Жена – тихоглазая, робкая, всегда послушная,– как-то заикнулась – она работала линотиписткой:

– Как же теперь Щегловы? У них – пятеро... Нельзя ведь так, ни с чего...

Он сказал первое, что пришло в голову:

– Ни с чего такие анекдоты не рассказывают!

Он впервые разозлился на нее по-настоящему, наорал:

– Дура! Чем защищать, спросила бы, кто его родители!

Но в тот же вечер, глядя на дотлевавшую за крышами багряную зарю из садика перед домом, он с облегчением решил, что завтра – будь что будет! – признается и скажет: «Не могу!»

А на другой день ему шепотом сообщили: Иргизов покончил с собой, застрелился ночью в кабинете... Потом заговорили громче: Иргизов давно был связан с врагами народа, боялся разоблачения...

В такой обстановке уйти с поля сражения означало бы явную измену...

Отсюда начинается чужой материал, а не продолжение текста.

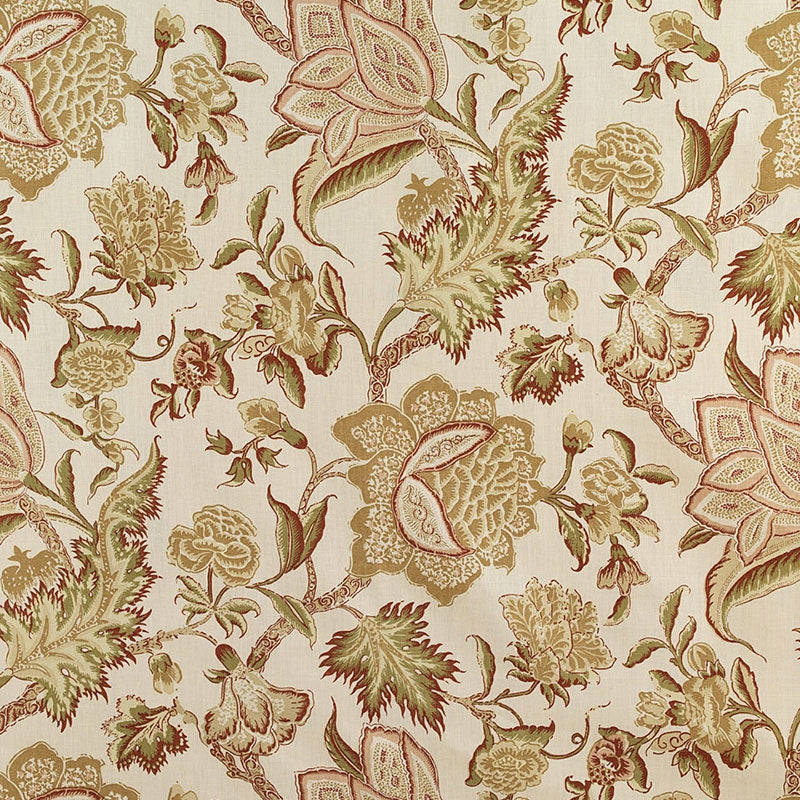 Purchase sample of 174341 Ceylon Floral Vine, Antique by Schumacher Fabric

И все-таки – нет, это не была только, это не была просто трусость! Он верил – частный случай, у всякого есть свои неудачи... А в целом все идет правильно. Убит Киров – народ мстит за своего любимца, враги не успокоились – их надо обезвредить...

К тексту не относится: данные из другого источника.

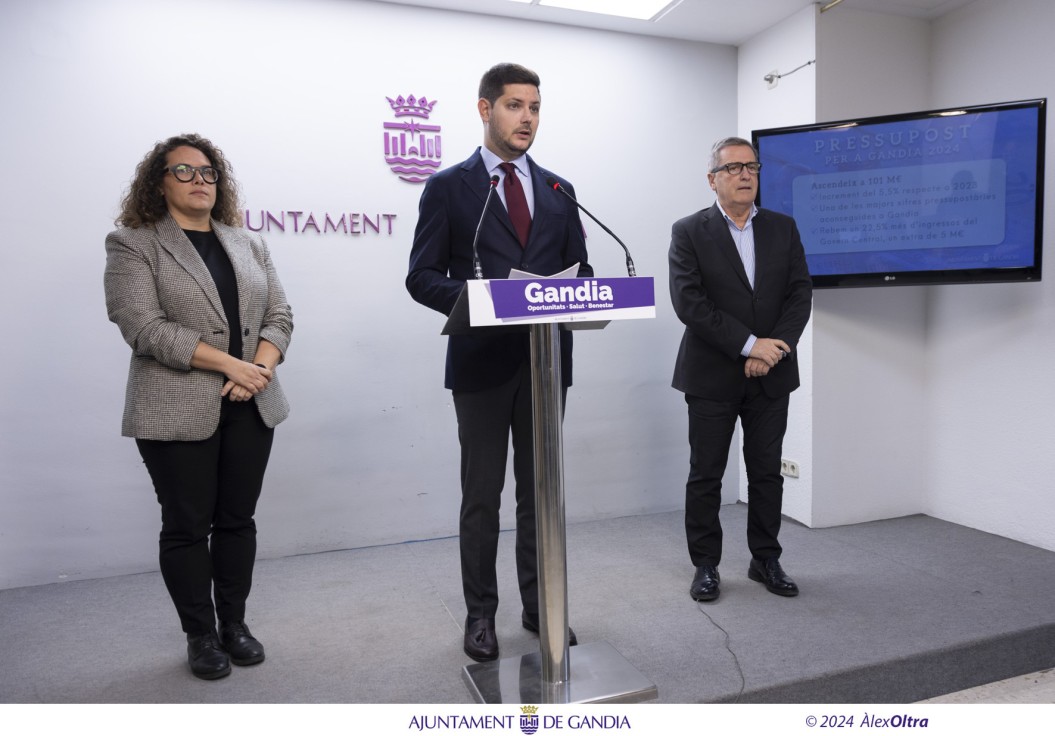 El presupuesto de Gandia de 2024 aumenta la inversión para generar nuevas oportunidades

А дальше пошло – вал за валом... По городам расклеивали плакаты: Ежов зажал в кулаке гидру контрреволюции. Заговоры, шпионаж, тайные диверсии... Имена вчерашних героев звучали как проклятие. Не успев кончить одно дело, брались за другое; спали на жестких диванах не раздеваясь, пихнув под голову папку с протоколами. Днем и ночью – сломанные страхом губы, истерические признания, бессмысленное упорство... И – единственная, все освящающая, все прощающая цель: разоблачить, доказать, добиться!.. Так надо. Большая политика не бывает без издержек. Так надо. И когда к нему подкрадывалась мысль о безумии, он успокаивал себя тем, что ведь ОН – ТОЛЬКО ВИНТИК...

Так надо!

В то время перед ним и появился Бугров.

Он был крупной фигурой в городе, но дело его, почему-то поручили молодому лейтенанту, и это само по себе было признаком, что исход уже предрешен.